**EXERCISE PROMPT**. An exact reproduction of the listing is wanted, with the pictures dropped.

**DATASET EXCERPT**.
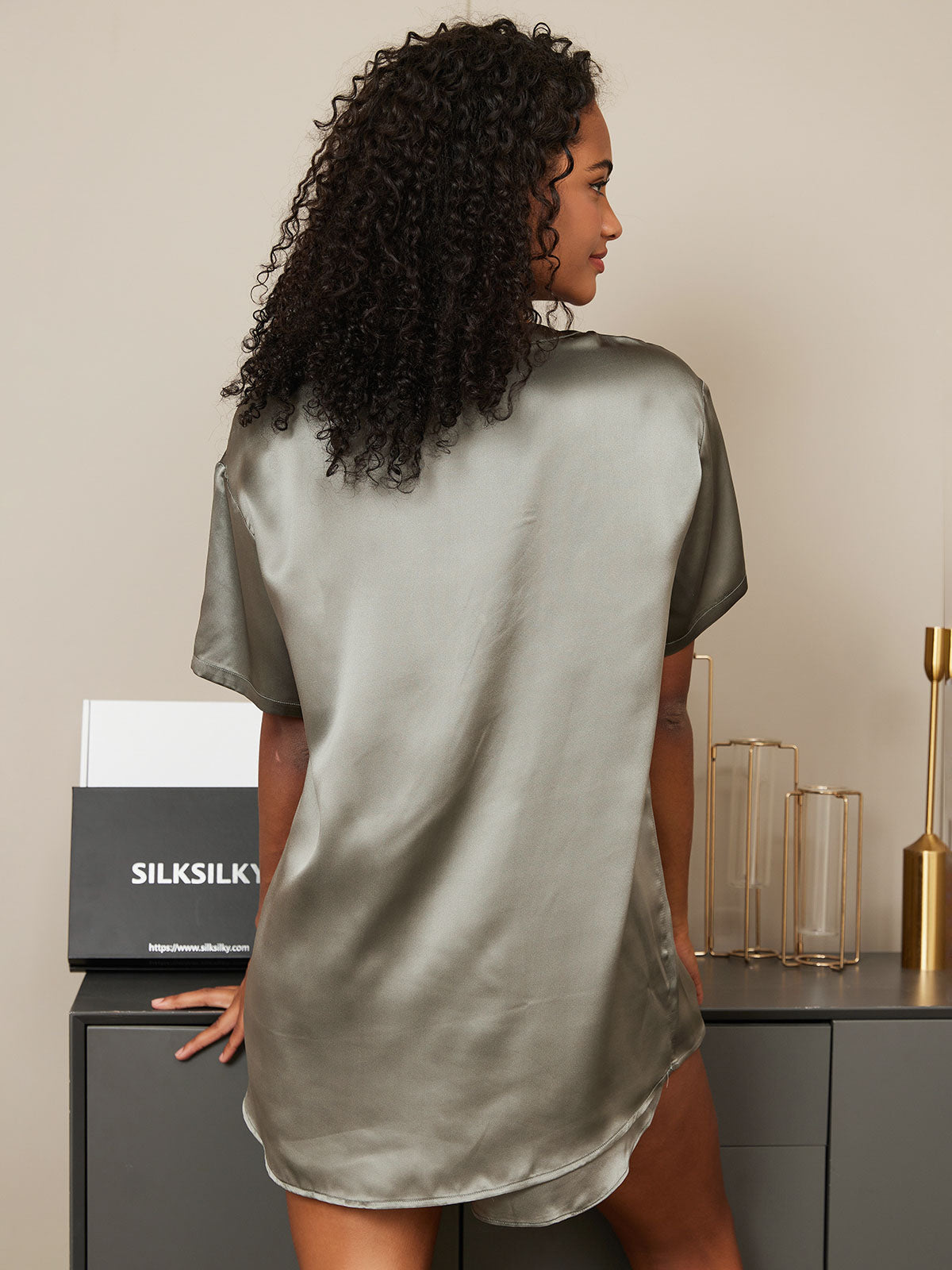 Damespyjamashirt van pure zijde, casual (short niet inbegrepen)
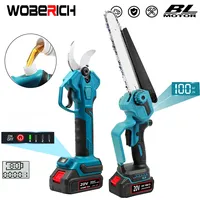 2 IN 1 Brushless 8 Inch Electric Chainsaw Cordless Pruning Shears + 40mm Wood Logging Pruning Chainsaw With 2 battery For Makita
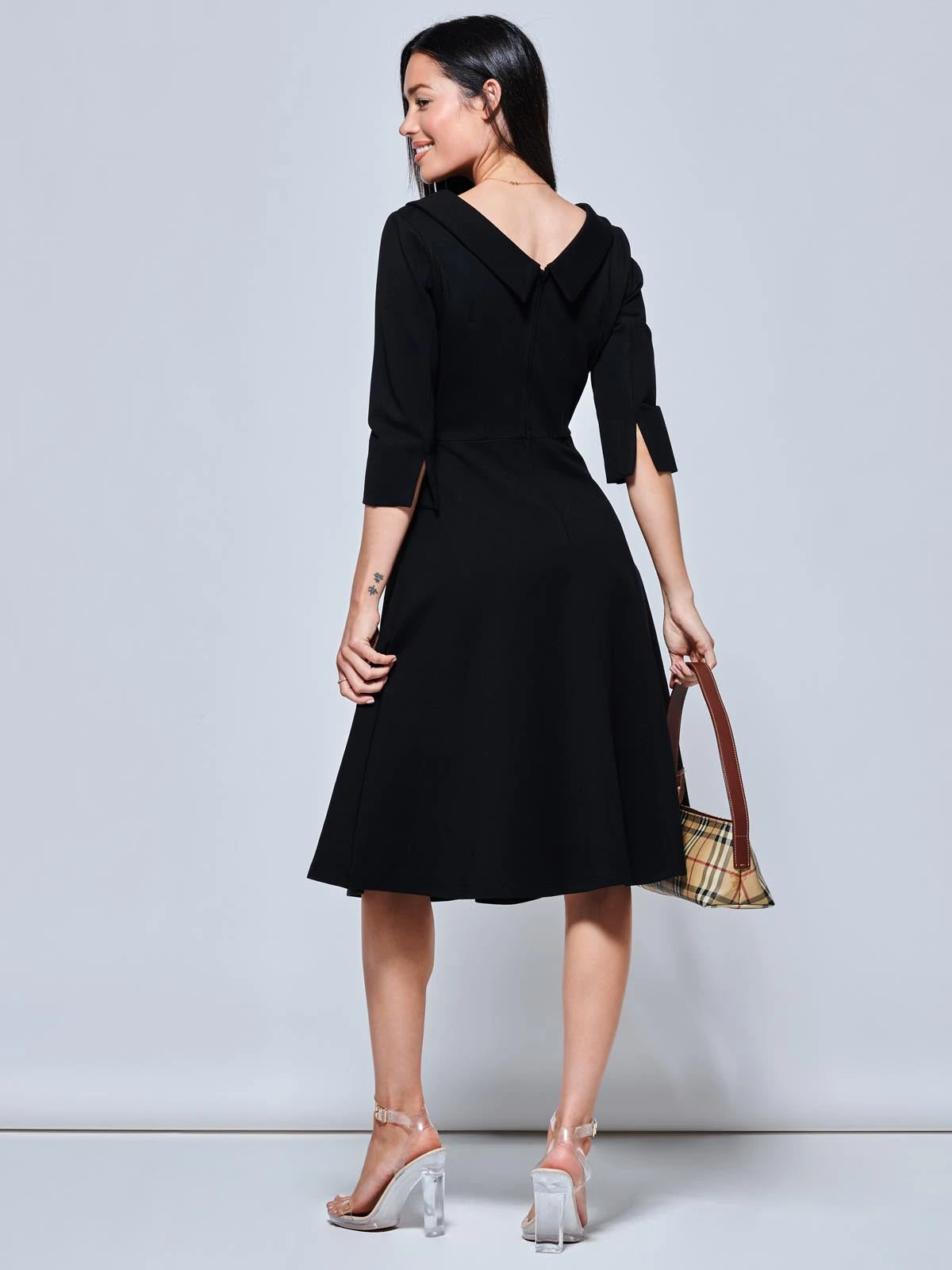 Sloan 3/4 Sleeve Midi Dress, Black 2 Sloan 3/4 Sleeve Midi Dress, Black - Image 2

**ANSWER**.
 Damespyjamashirt van pure zijde, casual (short niet inbegrepen)
 2 IN 1 Brushless 8 Inch Electric Chainsaw Cordless Pruning Shears + 40mm Wood Logging Pruning Chainsaw With 2 battery For Makita
 Sloan 3/4 Sleeve Midi Dress, Black 2 Sloan 3/4 Sleeve Midi Dress, Black - Image 2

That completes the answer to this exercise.